═════ Data shown ═════

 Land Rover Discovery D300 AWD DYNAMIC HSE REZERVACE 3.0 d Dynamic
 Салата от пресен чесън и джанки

═════
═════ Data shown ═════

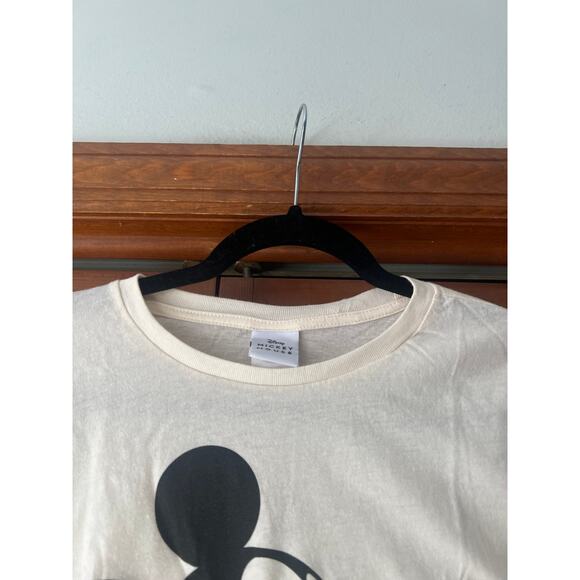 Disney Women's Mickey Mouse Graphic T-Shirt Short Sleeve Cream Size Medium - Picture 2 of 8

═════

What needs to be done →
Only one stretch of the data above is needed. Restate it word for word, from the line containing "Land Rover Discovery" through the line containing "Салата от пресен чесън и джанки", both ends included.

Output for this task →
 Land Rover Discovery D300 AWD DYNAMIC HSE REZERVACE 3.0 d Dynamic
 Салата от пресен чесън и джанки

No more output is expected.